__EXERCISE__
Go through the data and copy each line where the word "Jacket" shows up.

(Caption-style text data)
+++
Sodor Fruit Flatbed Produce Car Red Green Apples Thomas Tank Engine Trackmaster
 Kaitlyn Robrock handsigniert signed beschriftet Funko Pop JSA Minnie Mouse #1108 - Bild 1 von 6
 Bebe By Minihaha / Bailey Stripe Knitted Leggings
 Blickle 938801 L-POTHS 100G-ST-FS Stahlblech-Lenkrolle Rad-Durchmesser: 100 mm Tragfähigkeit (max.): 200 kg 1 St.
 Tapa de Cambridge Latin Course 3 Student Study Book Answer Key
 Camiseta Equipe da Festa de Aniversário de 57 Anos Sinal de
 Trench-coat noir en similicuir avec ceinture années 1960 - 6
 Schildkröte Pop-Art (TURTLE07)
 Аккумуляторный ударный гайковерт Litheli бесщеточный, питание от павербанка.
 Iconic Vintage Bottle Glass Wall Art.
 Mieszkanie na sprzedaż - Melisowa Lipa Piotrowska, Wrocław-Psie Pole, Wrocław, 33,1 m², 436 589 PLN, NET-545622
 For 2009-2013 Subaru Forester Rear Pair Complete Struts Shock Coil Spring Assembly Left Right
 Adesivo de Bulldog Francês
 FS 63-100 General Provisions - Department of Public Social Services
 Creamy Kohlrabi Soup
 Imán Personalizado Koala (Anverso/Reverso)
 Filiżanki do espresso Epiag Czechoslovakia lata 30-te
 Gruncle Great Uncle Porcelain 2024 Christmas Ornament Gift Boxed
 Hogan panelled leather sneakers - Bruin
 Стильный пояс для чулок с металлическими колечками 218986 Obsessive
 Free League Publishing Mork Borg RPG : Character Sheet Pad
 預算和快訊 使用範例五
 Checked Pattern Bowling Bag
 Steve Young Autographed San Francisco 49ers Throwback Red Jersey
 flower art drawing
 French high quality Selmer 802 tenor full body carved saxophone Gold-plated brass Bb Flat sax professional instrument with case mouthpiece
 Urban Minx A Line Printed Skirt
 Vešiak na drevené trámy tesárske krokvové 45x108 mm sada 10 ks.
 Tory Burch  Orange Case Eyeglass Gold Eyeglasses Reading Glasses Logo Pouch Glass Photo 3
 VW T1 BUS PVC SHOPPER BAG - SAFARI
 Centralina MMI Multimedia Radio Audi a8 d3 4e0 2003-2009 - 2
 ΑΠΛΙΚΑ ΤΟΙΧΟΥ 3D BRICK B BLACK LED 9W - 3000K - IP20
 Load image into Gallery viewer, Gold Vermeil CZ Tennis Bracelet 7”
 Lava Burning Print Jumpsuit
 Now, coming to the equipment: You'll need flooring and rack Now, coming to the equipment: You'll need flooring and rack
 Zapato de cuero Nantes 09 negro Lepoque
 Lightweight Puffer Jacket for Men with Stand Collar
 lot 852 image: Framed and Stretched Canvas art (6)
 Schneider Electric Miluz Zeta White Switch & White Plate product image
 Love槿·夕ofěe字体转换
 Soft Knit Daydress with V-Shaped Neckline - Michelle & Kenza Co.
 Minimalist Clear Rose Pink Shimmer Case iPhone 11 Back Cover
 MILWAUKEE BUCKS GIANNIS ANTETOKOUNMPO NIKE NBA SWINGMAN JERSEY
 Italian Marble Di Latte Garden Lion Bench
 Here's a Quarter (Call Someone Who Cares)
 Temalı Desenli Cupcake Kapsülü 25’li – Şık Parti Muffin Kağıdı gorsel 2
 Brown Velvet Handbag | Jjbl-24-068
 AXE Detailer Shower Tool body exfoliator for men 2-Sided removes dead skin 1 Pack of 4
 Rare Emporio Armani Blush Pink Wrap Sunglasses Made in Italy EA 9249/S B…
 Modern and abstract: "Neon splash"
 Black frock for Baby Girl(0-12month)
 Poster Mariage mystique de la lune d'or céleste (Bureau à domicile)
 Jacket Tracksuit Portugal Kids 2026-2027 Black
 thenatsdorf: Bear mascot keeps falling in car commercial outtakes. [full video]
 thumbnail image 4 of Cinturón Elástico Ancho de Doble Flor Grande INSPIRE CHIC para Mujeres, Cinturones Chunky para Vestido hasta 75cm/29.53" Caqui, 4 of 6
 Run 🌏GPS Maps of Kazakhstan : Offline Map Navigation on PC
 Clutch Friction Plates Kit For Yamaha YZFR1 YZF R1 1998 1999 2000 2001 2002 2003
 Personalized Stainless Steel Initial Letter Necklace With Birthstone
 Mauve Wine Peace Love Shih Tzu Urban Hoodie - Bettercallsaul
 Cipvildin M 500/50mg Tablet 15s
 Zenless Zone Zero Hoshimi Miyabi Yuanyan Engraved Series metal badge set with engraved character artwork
+++
__WRITTEN ANSWER__
 Lightweight Puffer Jacket for Men with Stand Collar
 Jacket Tracksuit Portugal Kids 2026-2027 Black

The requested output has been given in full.